**Input material:**
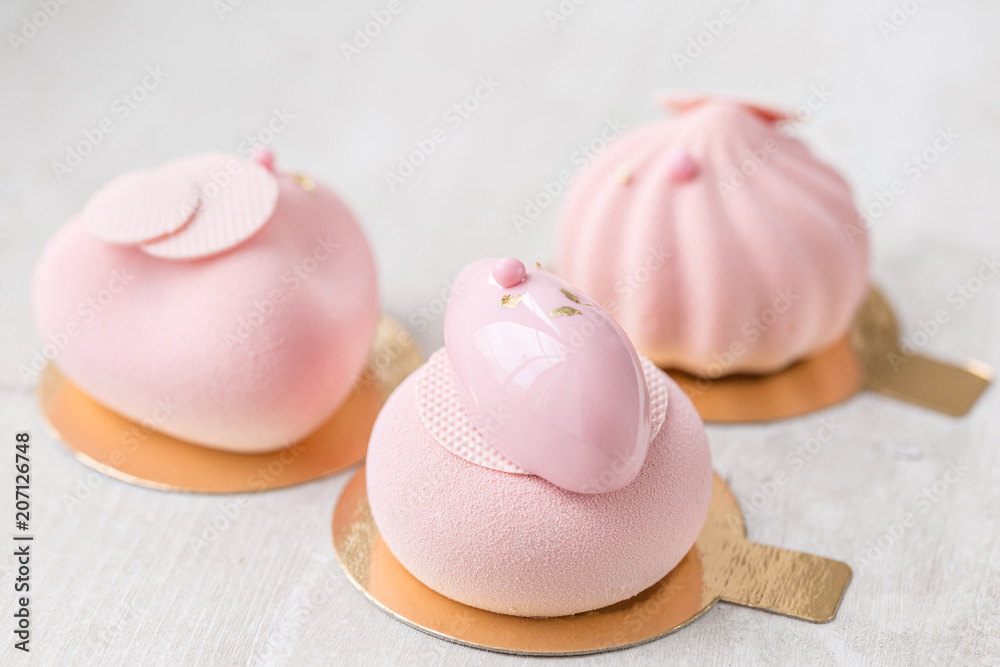 Pink mousse-cake. French dessert and flowers eucalyptus on a white background. pastel colors Pink mousse-cake. French dessert and flowers eucalyptus on a white background. pastel colors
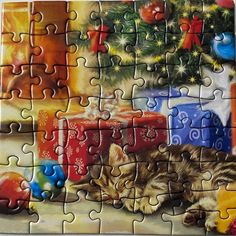 a puzzle piece with a cat sleeping on the floor next to christmas decorations and presents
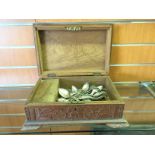 A carved wooden box depicting elephants and containing silver plate.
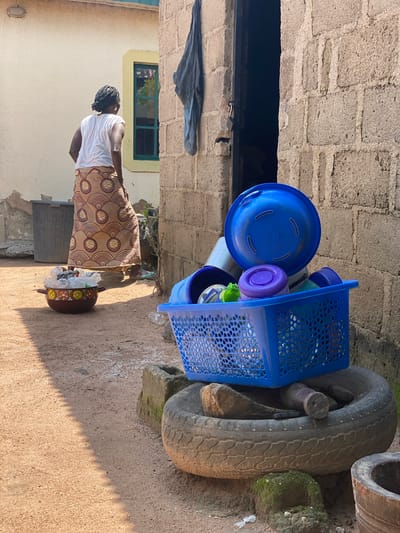 In a courtyard in the city of Daniel, Nigeria, a woman with braided hair stands with her back to the camera, wearing a white t-shirt and a patterned skirt. She is near a beige building with a green-framed window. In the foreground, a collection of blue plastic containers are stacked. A blue basket holds several items, including purple and green lids and a large blue bowl rests on top of it. This basket and bowl are placed on a worn tire, which is itself situated on a rough, sandy ground. Other objects visible include a dark grey bin and a pot filled with plastic bottles and other items. The scene suggests a domestic setting with items arranged for storage or use.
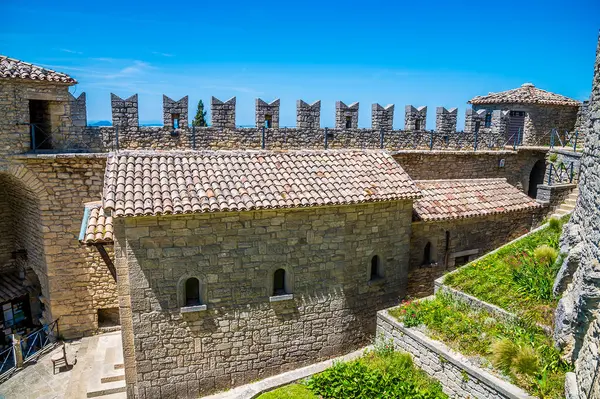 stock image A view over the outer wall and the ramparts in the first tower in the fortified section of San Marino, Italy in summertime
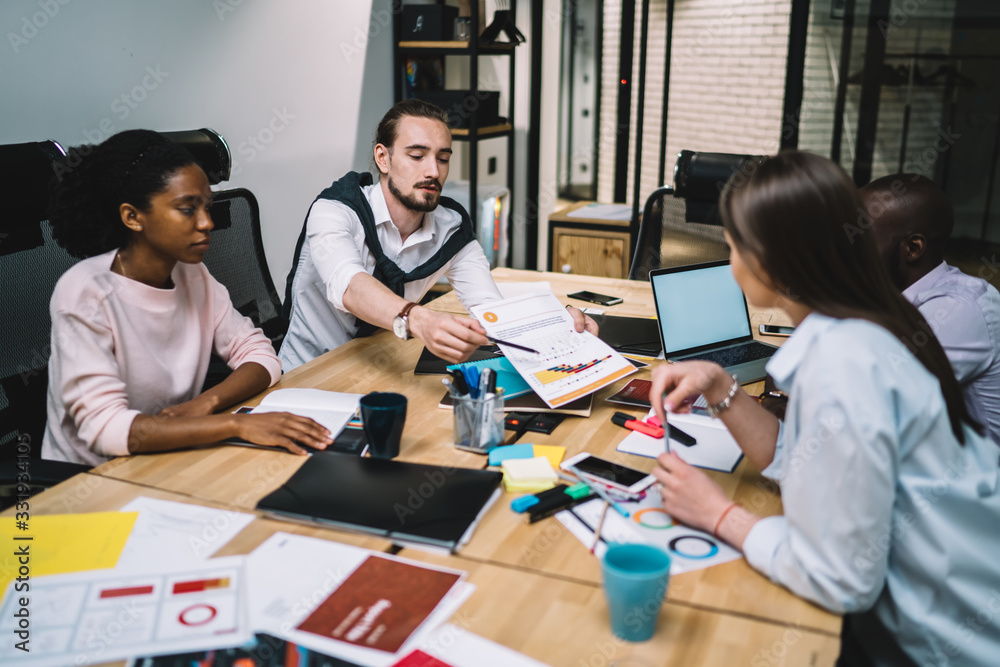 Multiethnic young office employees working on project together Multiethnic young office employees working on project together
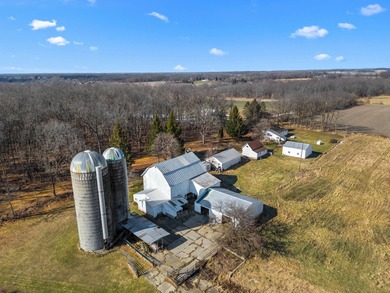 A homestead with 6 acres, several buildings that are set up for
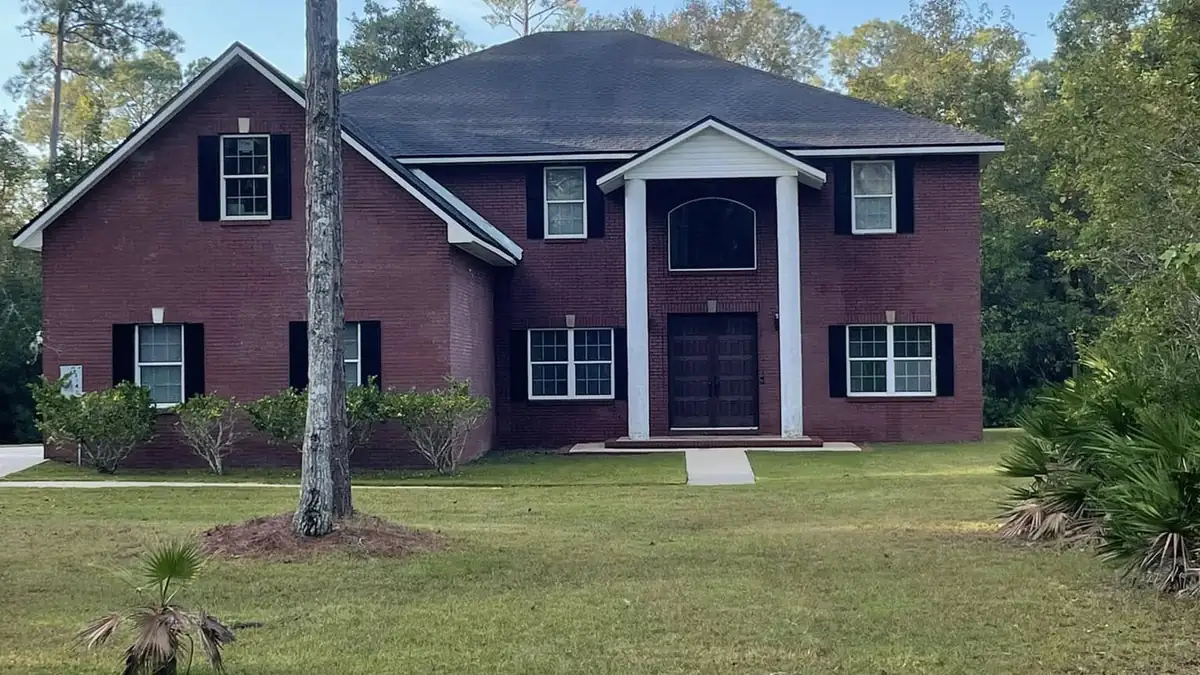 Two-storey St. Augustine home with clean brick and siding after exterior washing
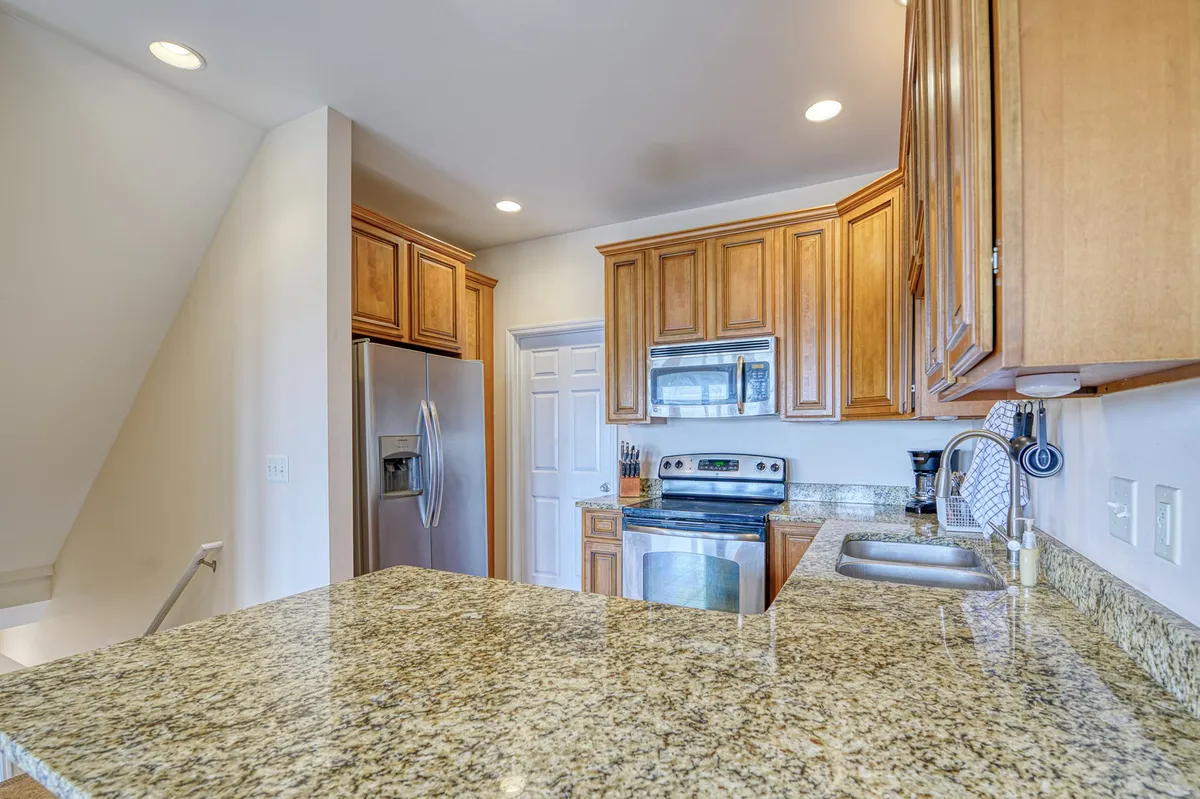 A modern kitchen with granite countertops, wood cabinetry, and stainless steel appliances, set up for both cooking and entertaining. The room exudes a welcoming vibe perfect for family meals or group gatherings.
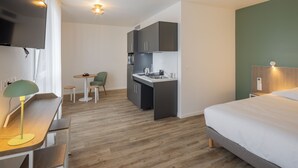 Una habitación de hotel compacta con kitchenette, una cama, un escritorio con lámpara y un pequeño comedor.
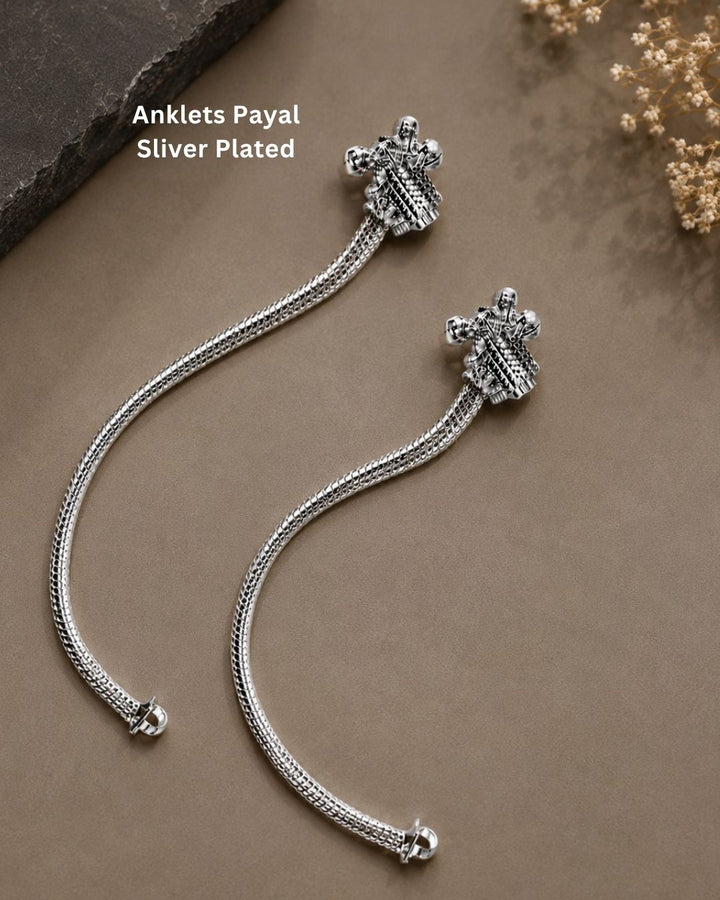 Beautiful silver plated kids payal set featuring delicate double-chain design and traditional silver charms. Perfect for babies, kids, festive occasions, traditional wear, and gifting.Beautiful silver plated kids payal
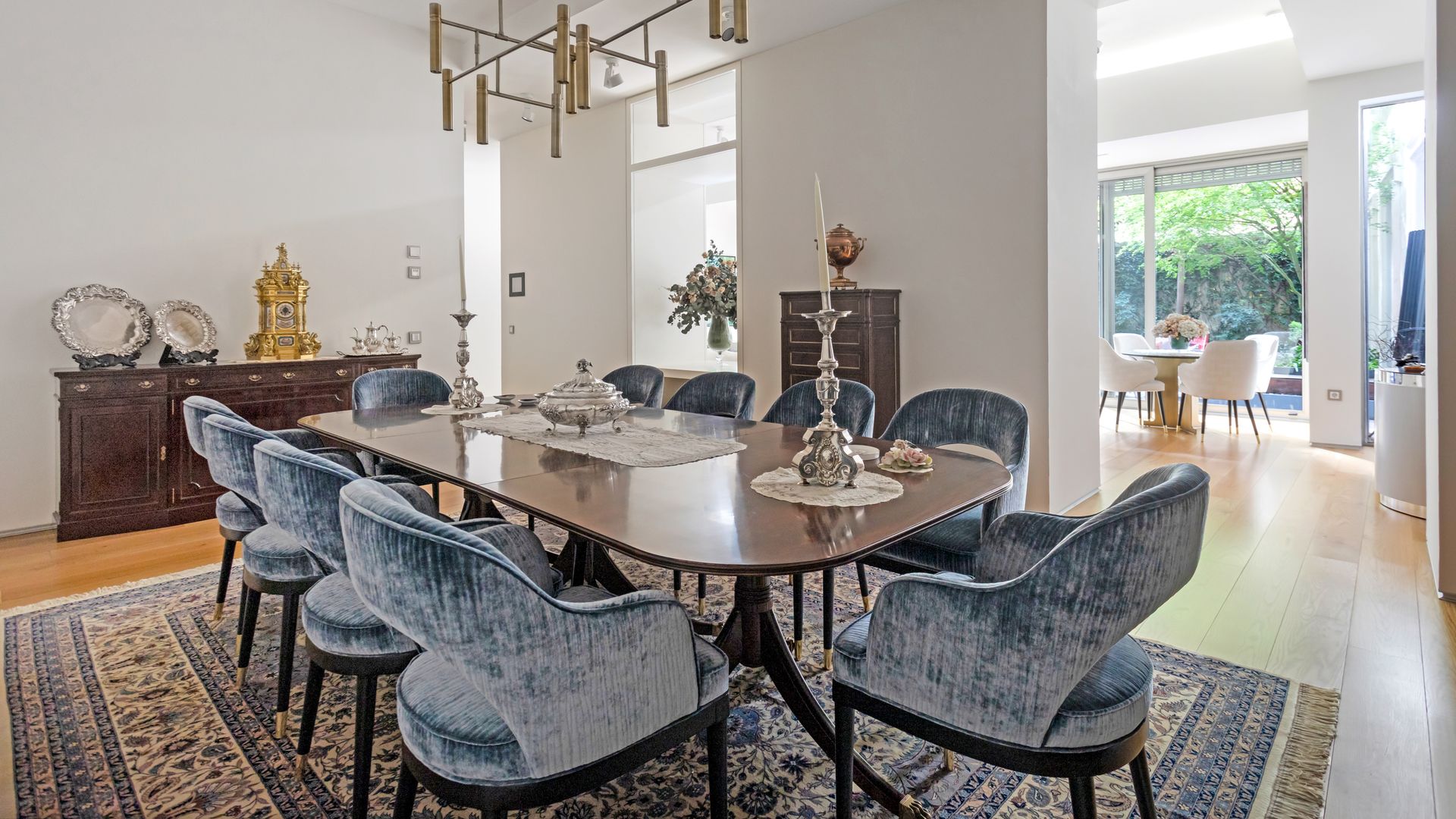 Comedor formal con mesa de madera, aparador de madera oscura, sillas de comedor tapizadas, alfombra, candelabros, lámpara de techo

**Problem to solve:** Give again, word for word, only the lines that run from the top of the data above through the line with "A carved wooden". Drop the pictures.

**Finished task:**
 Pink mousse-cake. French dessert and flowers eucalyptus on a white background. pastel colors Pink mousse-cake. French dessert and flowers eucalyptus on a white background. pastel colors
 a puzzle piece with a cat sleeping on the floor next to christmas decorations and presents
 A carved wooden box depicting elephants and containing silver plate.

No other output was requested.